Random Forest works on classification and Regression both problem statement.

Random Forest uses N number of Decision Tree as base model and give some sample of the data to each Decision Tree to predict.

if you don’t know about the DT blogs 1,2.

for classification, Random Forest take every output of Decision Tree and do voting whichever class has highest voting it take that as output.

for Regression, Random Forest take average of every numeric output.

Why Random Forest called Random Forest and Why we need it?

Random forest adds additional randomness to the model, while growing the trees.

here, Randomness means RF gives random sample data to the DTs. that’s why there is random.

RF uses Decision Trees to prediction. if there is so many trees it called Forest. that’s why there is forest.

so, Decision Tree has problem called as Overfitting to solve that problem we use RF.

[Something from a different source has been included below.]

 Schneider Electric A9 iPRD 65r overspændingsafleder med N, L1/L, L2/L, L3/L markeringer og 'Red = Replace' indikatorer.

with Randomness in data and DTs, it decrease the overfitting in model.

Hyper Parameters for RF

1. n_estimators: total number of Decision Trees in RF. default = 100
2. criterion: for measuring quality of split
• {“gini”,”entropy”}, default=”gini”

3. max_features: number of features to consider when looking for the best split.

• {“auto”,”sqrt”,”log2”},int or float, default=”auto”
• If int, then consider max_features features at each split.
• If float, then max_features is a fraction and round(max_features * n_features) features are considered at each split.
• If “auto”, then max_features=sqrt(n_features).
• If “sqrt”, then max_features=sqrt(n_features) (same as “auto”).
• If “log2”, then max_features=log2(n_features).
• If None, then max_features=n_features.

n_feature means number of features.

Pros

reduce the overfitting of DT and helps to improve accuracy.

automates missing value present in data

normalising data is not required

Cons

require much computational power as it builds numerous trees to combine their input.

require much time as it combine so many trees.

Due to the ensemble of decision trees, it also suffers interpretability and fails to determine the significance of each variable.

Tip:- you can use different algorithm rather than DT for building base model in RF.(Wikipedia)

so, I have some question Regarding RF. if you know please let me know in comment section,

q) suppose we have classification problem(output yes/no) and in RF, we use 10 DT. if 5 DTs gave output as “yes” and another 5 DTs gave output as “No”. now, RF classifier choose which one as output ?

Thanks for reading this blog :)